### TASK TO COMPLETE
Every record must be transcribed in its entirety, apart from the images, which are to be omitted.
[[ SUPPLIED RECORDS, beginning ]]
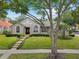 Charming single-story home featuring a well-manicured lawn, lush landscaping, and a distinctive tiled roof at 7698 Mount Carmel Dr, Orlando, FL 32835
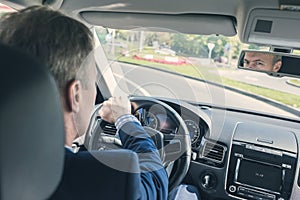 Selective focus of elderly man hands on steering wheel driving a car on the speed highway. View from above.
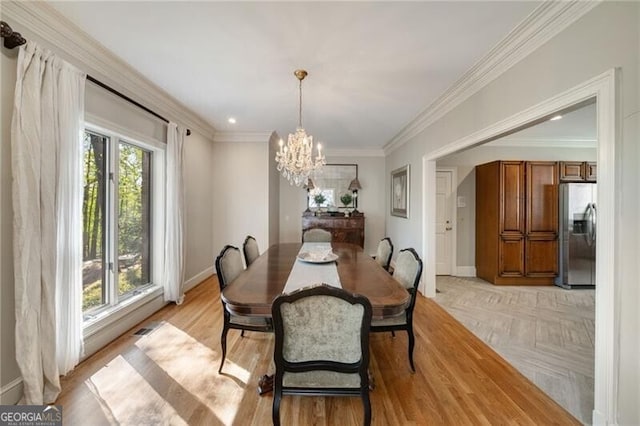 5520 Glen Errol Rd, Atlanta, GA 30327 - dining room with a chandelier, crown molding, and parquet flooring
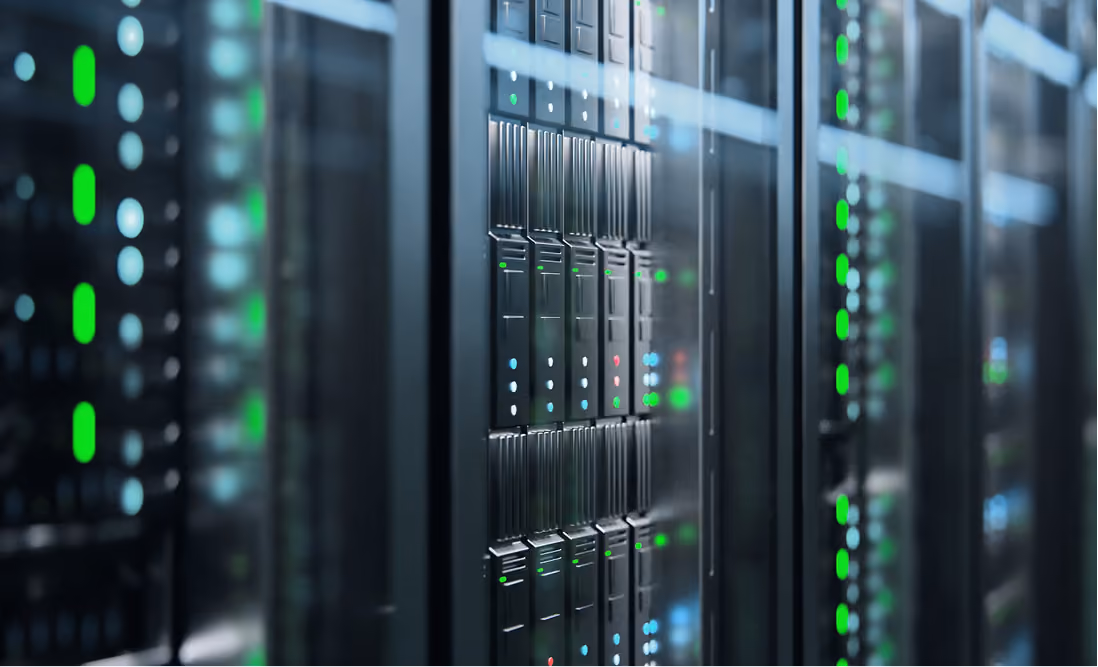 Close-up view of server rack units with blinking green, blue, and red indicator lights in a data center.
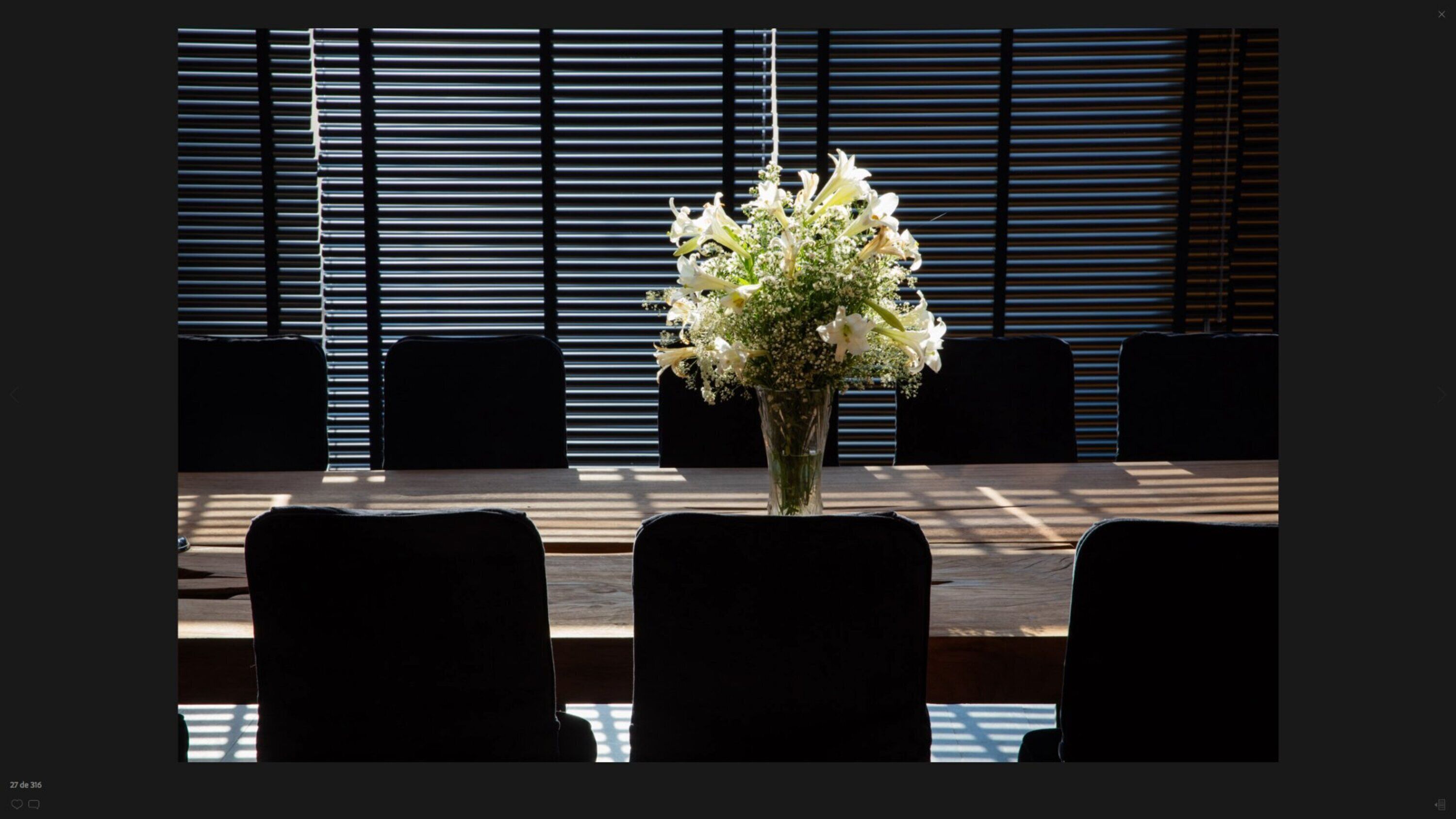 A conference table with a vase of white flowers in the center, surrounded by chairs.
[[ SUPPLIED RECORDS, end ]]
### RESPONSE TO THIS EXERCISE
 Charming single-story home featuring a well-manicured lawn, lush landscaping, and a distinctive tiled roof at 7698 Mount Carmel Dr, Orlando, FL 32835
 Selective focus of elderly man hands on steering wheel driving a car on the speed highway. View from above.
 5520 Glen Errol Rd, Atlanta, GA 30327 - dining room with a chandelier, crown molding, and parquet flooring
 Close-up view of server rack units with blinking green, blue, and red indicator lights in a data center.
 A conference table with a vase of white flowers in the center, surrounded by chairs.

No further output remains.